Die linken Oppositionsparteien feiern die Ungültigkeit des Referendums zugleich als ihren Erfolg. Man habe in den letzten Wochen vor der Abstimmung noch Hunderttausende Wähler von der Unsinnigkeit des Projekts überzeugen können. Auch die Zahl derer, die absichtlich ungültig gestimmt und damit gegen das Referendum protestiert hätten, sei ungewöhnlich hoch gewesen.

Tatsächlich zeigt eine detaillierte Auswertung der Daten, dass die Wahlbeteiligung nur in 52 Städten höher lag als 50 Prozent, in der Hauptstadt Budapest war sie am niedrigsten. Fidesz hatte bereits angekündigt, dass jene Bezirksbürgermeister, in deren Stadtteilen die Wahlbeteiligung besonders gering war, mit Konsequenzen zu rechen hätten.

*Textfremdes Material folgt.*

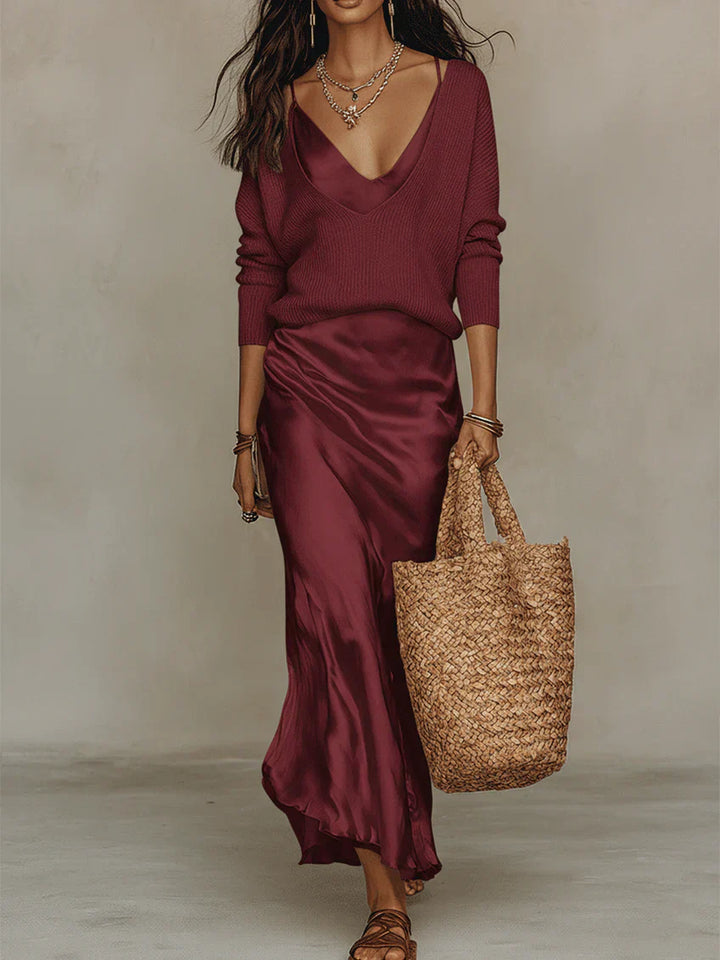 Elena | Elegant Midi Dress with Sweater Set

Mehrere Oppositionsparteien - die MSZP, Együtt (Gemeinsam) und die sozialliberale DK von Ex-Premier Ferenc Gyurcsány - werten das Ergebnis der Abstimmung als Schlappe für die Regierung und denken nun über ein gemeinsames Vorgehen bei der nächsten Wahl nach. Man werde in den kommenden Monaten ein Positionspapier ausarbeiten und über die Aufstellung gemeinsamer Kandidaten sprechen.

Die rechtsextreme Jobbik winkte gleich ab, sie werde unter keinen Umstände mit den Linksparteien gegen Fidesz zusammenarbeiten - "Wölfe kooperieren nicht mit Hasen".